でも言えない!本人に直接すぎる言葉で指摘するのは偲びない!……にしてもまさか山蔭さんがズラだったとは。

「え、えーっと…、……あっそうだ!私、少し廊下を見てこようかな!」

どうかその間に気付いて整えてくれますように!
そう願い、立ち上がった。が、山蔭さんに引き留められる。

「っ山蔭さ――」
―――パサッ…
「!」

落ちたァァ!動いた瞬間に落ちたァァ!!

「っっ、」

私はとっさに目をそらした。見てはいけないものを見ないように。…しかし、

「…あーあ。」

どこか、あざ笑うような口調で、

「とうとう落ちちまったか。」

山蔭さんが言う。
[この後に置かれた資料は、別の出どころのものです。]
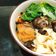 Joyce 的 【防疫料理】茄汁鯖魚麵 cooksnap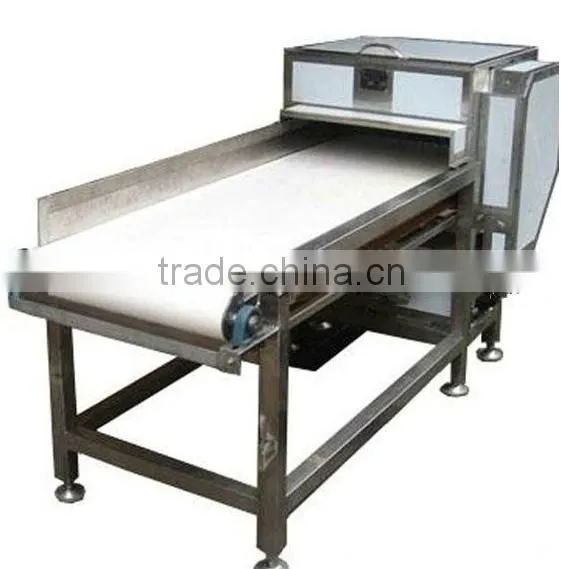 Carrot Slicer|Vegetable Slicing Machine
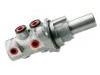 Maître-cylindre de frein Brake Master Cylinder:1633071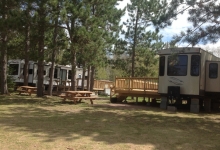 RV-Park-2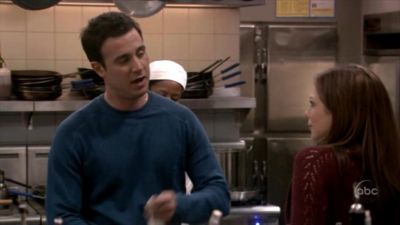 FREDDIE_-_E1X14_TWO_TIMES_A_LADY_296.jpg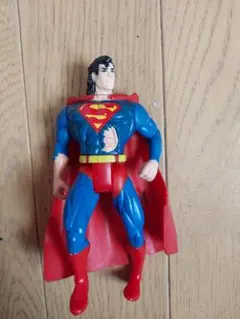 2026年最新】スーパーマンの人気アイテム - メルカリ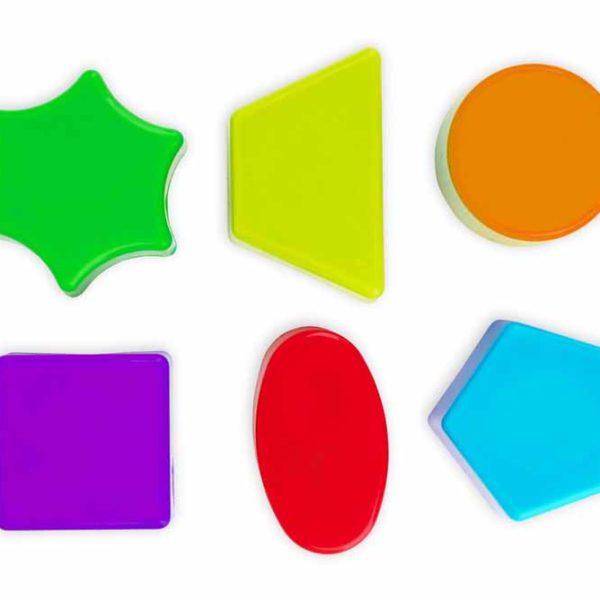 2D-shapes-for-preschoolers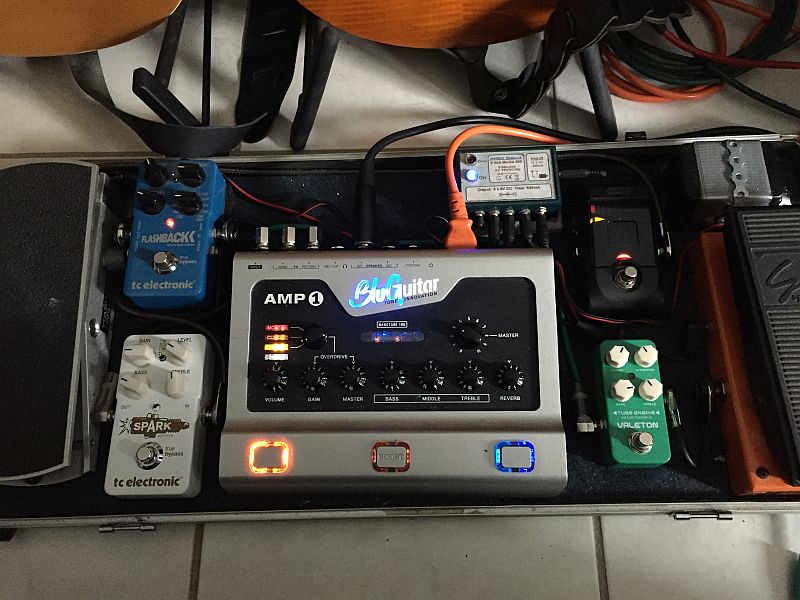 Pedalboard (2).JPG
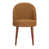 Ochre is out of stock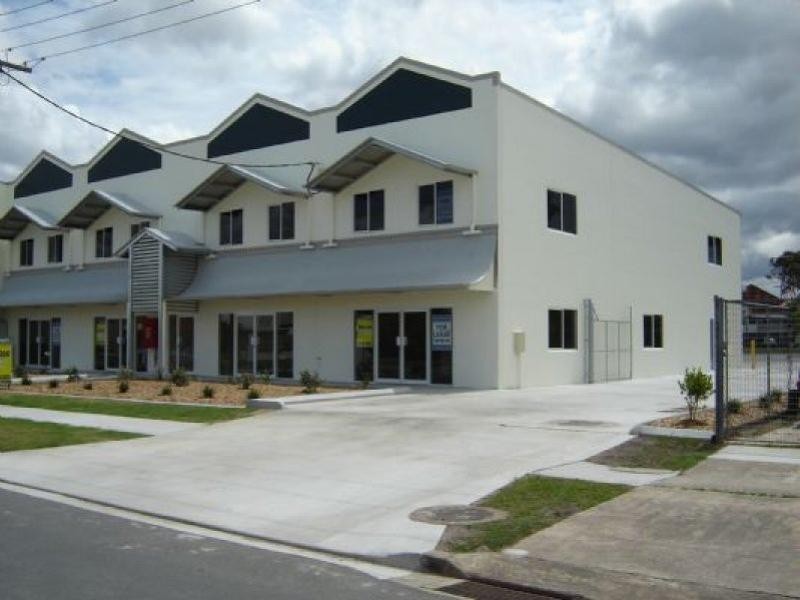 Strathpine QLD 4500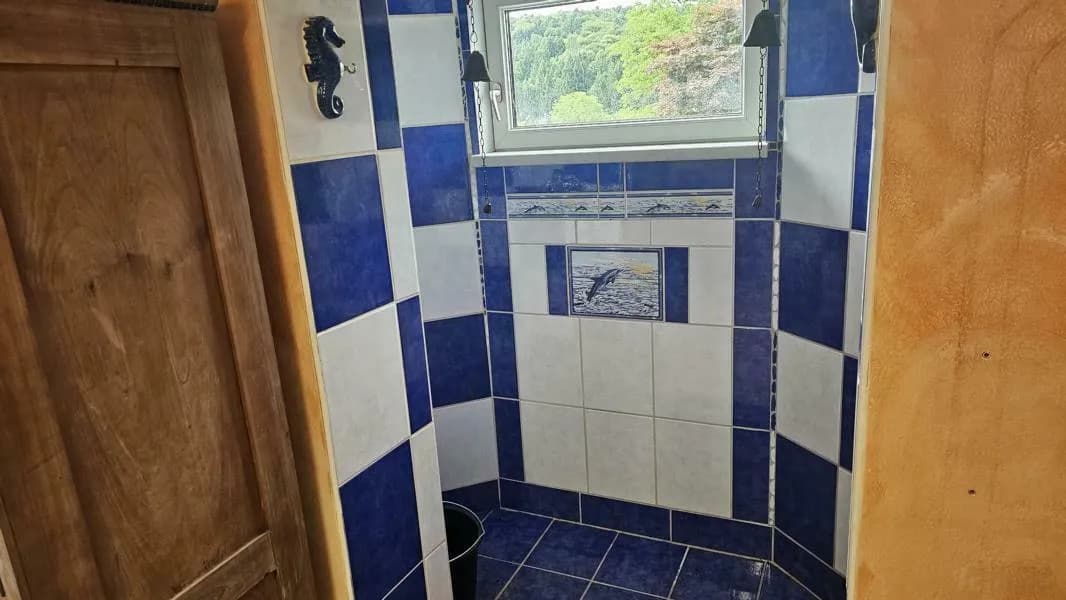 5-Zimmer-Haus kaufen in Graz-Umgebung – 150 m², € 479.000 – Bild 41 von 52
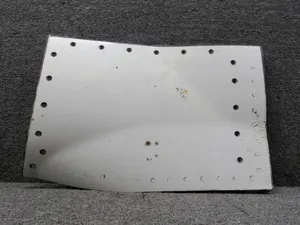 313A2230-9009DA Boeing 737-800 Fairing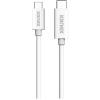 Kanex USB-C to Micro USB 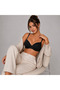 Women's Push up Bra with Supportive Padding and Underwire – All-Day Comfort and Natural Fullness - 4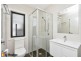 38/23 Wanderlight Avenue, Lawson ACT 2617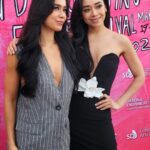Aimee Garcia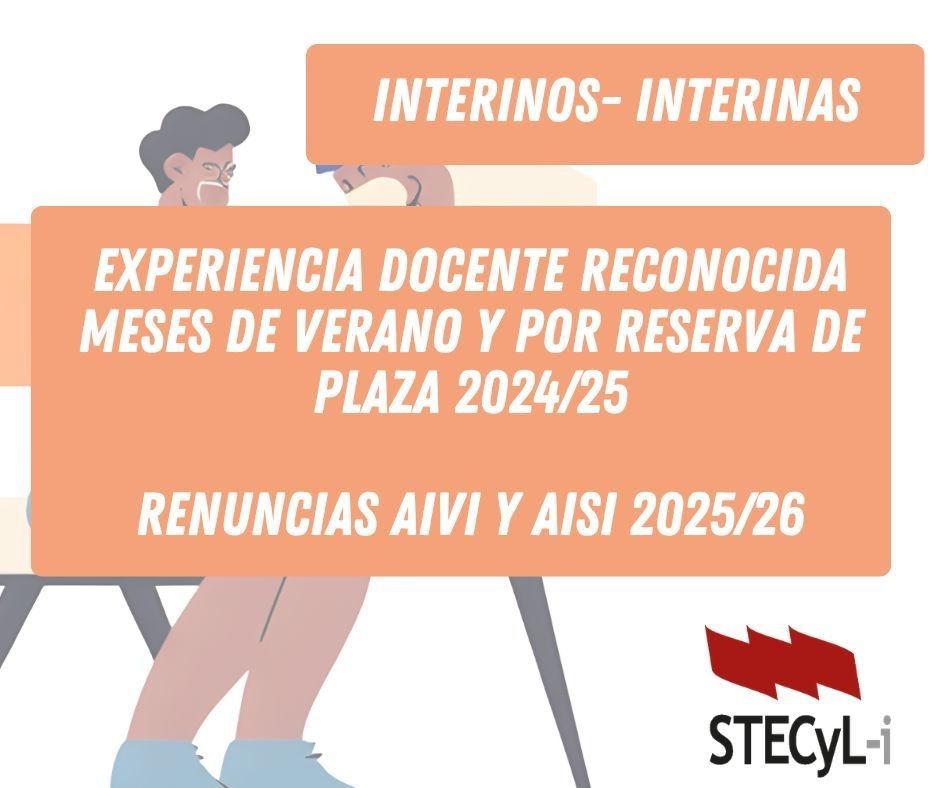 Experiencia-Docente-Reconocida-24-25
…ううん、この声、この感じ……、

「……え?」

似てる、なんてものじゃない。
私は、そらしていた目を山蔭さんに戻した。するとそこには、

「無理があんだよ、これで走るなんて。」

そこには…、

「土方…さん!?」

ズラを片手に不敵に笑う、土方さんが座っていた。

「なっ……、…え!?」

本…物……?いやその前に、

「どういうこと!?」

いつから山蔭さんが土方さんに!?

「変装してたんだよ、山蔭に。ここで閉じこもってるより、動き回った方が安全だからな。」

…うん、確かに。向こうもまさか堂々と街を歩き回ってるとは思わないだろうし。……って、

「ずっと私と一緒にいたんですか!?」
「そう言ってるだろ。」
「……、」
「……。」
「………え?」

それ…おかしくないですか?

「『ずっと』って…言いますけど、」
「なんだよ。」
「…いつから?」
「……はァァ~。」

土方さんは『なんで分からねェんだ?』と顔に書いたまま、手に持っていたズラを部屋の隅へ放り投げた。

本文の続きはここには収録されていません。